Energiewende im Hafen unterstützen
Die Hafenwirtschaft erwartet von der Politik mehr Investitionen, um neue Formen der Energienutzung im Hafen zu ermöglichen. Häfen sind Energiedrehscheiben. Sie gewährleisten die Versorgung des Landes mit den Energieträgern, die über den Seeweg bezogen werden. Häfen bedienen dabei Schiffe, die Energie nutzen, und verwenden selbst Energie. Mit Blick auf die verstärkte Nutzung von alternativen und neuen Energieträgern ergeben sich für die Politik folgende Aufgaben:
- Investitionen in umweltfreundliche Nutzfahrzeuge (auch ohne Straßenzulassung) und Spezialgerätschaften, die im Hafen zum Einsatz kommen, fördern
- Investitionen in Terminals und Verteilinfrastruktur für LNG-Versorgung fördern
- Bereitstellung von Bunkervorrichtungen und Tankinfrastruktur zur Versorgung von Schiffen mit Wasserstoff oder Wasserstoff-basierten Syntheseprodukten unterstützen
- Forschung und Entwicklung von Wasserstofftechnologie in Seehäfen ansiedeln und die Häfen für den Handel mit und die Nutzung von Wasserstoff ausstatten
- Umwidmung von Flächen und Anlagen, die aktuell für den Umschlag von Kohle genutzt werden, erleichtern
- Ausbau von Offshore-Wind beschleunigen
- Nutzung von und Infrastruktur für Landstrom rentabilisieren
- Überarbeitung der EU-Energiesteuerrichtlinie im Einklang mit ökonomischen, ökologischen und sozialen Belangen einfordern.

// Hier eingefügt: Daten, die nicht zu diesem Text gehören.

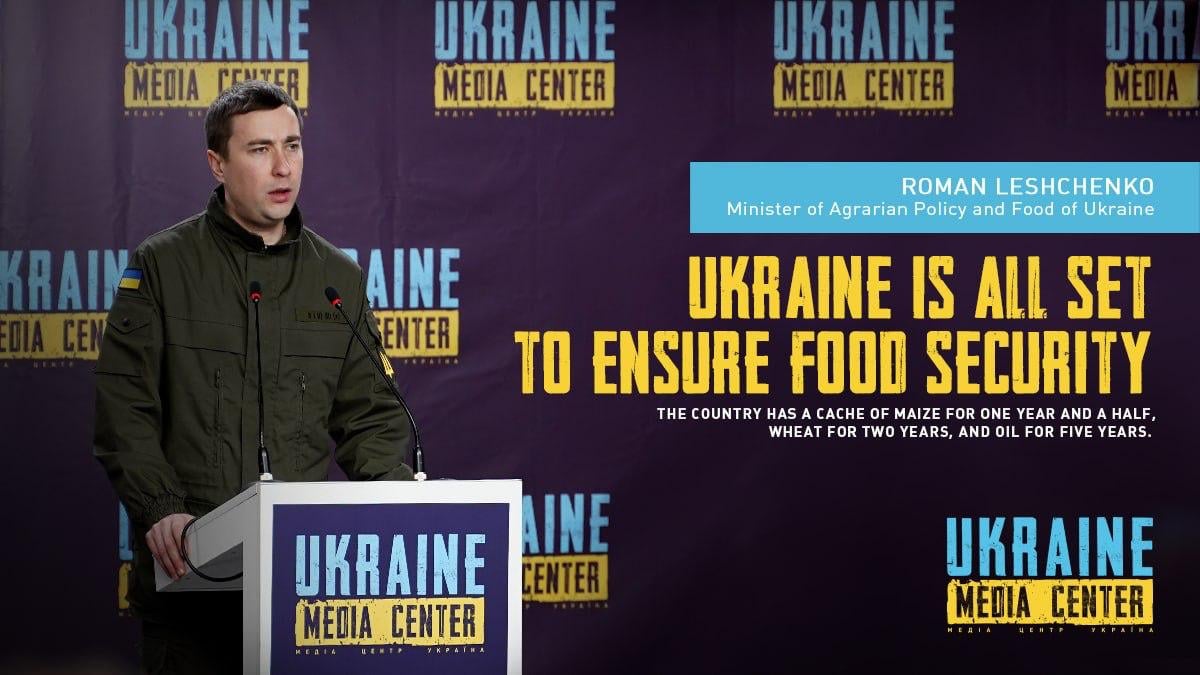Роман Лещенко: закінчення війни в Україні – це питання глобальної продовольчої безпеки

Investitionen in Automatisierung und Digitalisierung fördern
Die Hafenwirtschaft benötigt mehr Unterstützung beim technologischen Wandel. Deutsche Seehafenbetriebe setzen von jeher auf eine optimale Nutzung neuer Technologien und haben gemeinsam mit ihren Belegschaften im Rahmen der Sozialpartnerschaft frühzeitig die Automatisierung und Digitalisierung des Hafengeschäfts vorangetrieben. Durch folgende Maßnahmen sollte die Politik diese Entwicklung weiter begleiten:
- Das Förderprogramm IHATEC II stärken
- Die Förderkulisse Digitale Testfelder in Häfen weiter ausbauen
- Sicherheit der allgemeinen IT-Infrastruktur gewährleisten
- Rechtsrahmen beständig an technische Entwicklungen anpassen (Beispiel Blockchain-Technologie)
- Digitale Infrastruktur, digitalisierte Abläufe und Personal in allen Teilen der öffentlichen Verwaltung, die mit dem Güter- und Personenverkehr befasst sind (z.B. Zoll, Steuerbehörden, Gesundheitsämter, Arbeitsschutz), an bestehende Standards anpassen.
Demografischen Wandel stemmen
Die Hafenwirtschaft erwartet Förderung beim Umgang mit dem demografischen Wandel. Gute Verdienstmöglichkeiten und interessante Betätigungsfelder im High-Tech-Umfeld Hafen helfen, Arbeits- und Facharbeitskräfte, IT-Spezialist*innen, Ingenieur*innen und Kaufleute für die Hafenwirtschaft zu gewinnen. Die Politik kann den demografischen Wandel im Hafen wie folgt unterstützen:
- Ausbildung und Qualifizierung von Arbeitskräften fördern
- Gemeinsame Demografie bedingte Maßnahmen von Arbeitgebern und Arbeitsnehmern unterstützen und im Wege einer Förderkulisse aufstocken.